“Arizona was a revelation to me,” says New England native Nancy Kravetz, describing her reaction the first time she saw “a palo verde tree, exotic cacti, the desert colors, sunsets and rock formations – the whole visual landscape.” She and her husband, Bob, a semi-retired gastroenterologist, and their three sons have lived in the Valley since the mid-’60s.
A woman of many talents (keep reading!) Nancy’s artistic bent manifested itself early on. Her parents, recognizing her budding aptitude, arranged for instruction in oil painting. Nonetheless, and typical of the times, Nancy majored in education (a path “strongly suggested” by family members), in anticipation of becoming a teacher or working in the field of fashion design.
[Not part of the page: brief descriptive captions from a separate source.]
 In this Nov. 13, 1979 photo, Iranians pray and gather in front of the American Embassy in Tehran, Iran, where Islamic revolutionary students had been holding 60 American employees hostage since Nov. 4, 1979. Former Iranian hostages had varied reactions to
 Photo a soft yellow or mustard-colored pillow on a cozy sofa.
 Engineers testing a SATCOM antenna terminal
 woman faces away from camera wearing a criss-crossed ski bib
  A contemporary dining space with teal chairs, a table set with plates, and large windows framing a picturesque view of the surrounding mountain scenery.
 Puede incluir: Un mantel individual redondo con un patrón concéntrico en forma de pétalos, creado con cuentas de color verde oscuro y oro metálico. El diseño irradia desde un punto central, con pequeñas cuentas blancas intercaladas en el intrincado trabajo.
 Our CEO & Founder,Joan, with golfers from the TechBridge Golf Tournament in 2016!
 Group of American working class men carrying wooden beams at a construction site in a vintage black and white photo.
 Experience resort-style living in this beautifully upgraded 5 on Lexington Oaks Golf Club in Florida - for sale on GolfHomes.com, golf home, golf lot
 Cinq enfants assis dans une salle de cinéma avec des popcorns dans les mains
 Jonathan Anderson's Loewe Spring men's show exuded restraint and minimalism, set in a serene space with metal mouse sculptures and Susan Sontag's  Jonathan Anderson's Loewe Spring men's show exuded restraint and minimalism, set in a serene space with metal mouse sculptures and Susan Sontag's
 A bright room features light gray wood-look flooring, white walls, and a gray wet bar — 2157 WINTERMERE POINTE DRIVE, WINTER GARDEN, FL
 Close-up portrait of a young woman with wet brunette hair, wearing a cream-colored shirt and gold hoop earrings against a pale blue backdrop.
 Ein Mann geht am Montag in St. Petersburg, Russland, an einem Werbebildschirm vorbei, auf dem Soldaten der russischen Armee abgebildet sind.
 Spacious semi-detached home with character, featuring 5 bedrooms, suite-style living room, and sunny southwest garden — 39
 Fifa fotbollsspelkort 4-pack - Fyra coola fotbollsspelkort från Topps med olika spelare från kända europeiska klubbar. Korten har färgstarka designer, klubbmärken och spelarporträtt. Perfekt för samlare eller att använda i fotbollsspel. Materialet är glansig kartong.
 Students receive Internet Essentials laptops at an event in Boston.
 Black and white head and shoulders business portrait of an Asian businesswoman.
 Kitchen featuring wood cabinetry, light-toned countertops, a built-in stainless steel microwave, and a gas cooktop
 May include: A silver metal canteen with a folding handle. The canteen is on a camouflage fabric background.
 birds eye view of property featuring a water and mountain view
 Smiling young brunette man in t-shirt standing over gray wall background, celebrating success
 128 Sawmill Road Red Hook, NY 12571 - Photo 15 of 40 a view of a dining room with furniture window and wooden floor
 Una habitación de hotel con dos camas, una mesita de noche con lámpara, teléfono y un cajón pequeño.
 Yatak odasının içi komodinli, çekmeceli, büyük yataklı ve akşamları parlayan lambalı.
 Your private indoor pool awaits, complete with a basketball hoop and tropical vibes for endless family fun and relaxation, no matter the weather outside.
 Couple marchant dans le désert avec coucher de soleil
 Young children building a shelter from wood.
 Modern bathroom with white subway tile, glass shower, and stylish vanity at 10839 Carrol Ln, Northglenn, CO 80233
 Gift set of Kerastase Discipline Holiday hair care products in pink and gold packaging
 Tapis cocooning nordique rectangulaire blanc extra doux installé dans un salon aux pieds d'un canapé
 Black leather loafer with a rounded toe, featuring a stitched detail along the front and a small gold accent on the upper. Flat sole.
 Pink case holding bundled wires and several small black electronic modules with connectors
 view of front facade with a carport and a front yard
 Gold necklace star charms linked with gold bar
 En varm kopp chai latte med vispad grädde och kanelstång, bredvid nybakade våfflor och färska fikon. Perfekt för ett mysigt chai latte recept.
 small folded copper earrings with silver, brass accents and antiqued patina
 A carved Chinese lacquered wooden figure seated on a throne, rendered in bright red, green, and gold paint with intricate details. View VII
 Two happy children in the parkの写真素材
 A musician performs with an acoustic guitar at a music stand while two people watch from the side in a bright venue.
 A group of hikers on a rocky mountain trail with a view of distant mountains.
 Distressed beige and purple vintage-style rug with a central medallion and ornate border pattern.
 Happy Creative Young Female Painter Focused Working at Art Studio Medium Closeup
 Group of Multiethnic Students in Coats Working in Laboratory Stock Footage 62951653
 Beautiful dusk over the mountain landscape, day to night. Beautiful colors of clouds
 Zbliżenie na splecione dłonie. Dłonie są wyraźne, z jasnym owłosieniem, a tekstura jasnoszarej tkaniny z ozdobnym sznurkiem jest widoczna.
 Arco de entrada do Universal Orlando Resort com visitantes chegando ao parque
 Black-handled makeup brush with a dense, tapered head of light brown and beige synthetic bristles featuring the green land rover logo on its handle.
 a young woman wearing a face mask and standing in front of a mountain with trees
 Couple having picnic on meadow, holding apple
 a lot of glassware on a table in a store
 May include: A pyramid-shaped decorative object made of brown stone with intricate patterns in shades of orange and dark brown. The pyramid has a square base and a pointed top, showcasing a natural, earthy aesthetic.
At that point, she says painting was not a priority.
But after attending Simmons College in Boston and earning a Bachelor of Science degree from Temple University in Philadelphia, getting married, starting a family and moving to Arizona, she returned to art, studying with local artists Don Ruffin and Dorothy Fratt, and attending calligraphy classes at Arizona State University. Gaining expertise in a variety of different media, Nancy “settled in,” finding her own voice in contemporary art. “Abstraction,” she explains, “is the way I express myself simply by using color and form. I can look at something and see the essence of design. My colors relate to what I see and feel.”
Encouraged by her instructors to exhibit, Nancy’s entries were accepted for showing at local festivals. “That was the time I had to determine a monetary value for my work,” she recalls. “Until then I never even thought of putting a price on anything!” Her first sale, at a Phoenix Art Museum biennial, was to a local bank – and after that, she says with a smile, “I entered everything!” Along the way she earned numerous ribbons at the Maricopa County Fairs and exhibited statewide, eventually converting a sun-filled section of the family’s north central home patio “into my space,” she says. “It’s small and perfect for me – with air-conditioning!” Not long ago, a piece was purchased by U.S. Bank for its private collection.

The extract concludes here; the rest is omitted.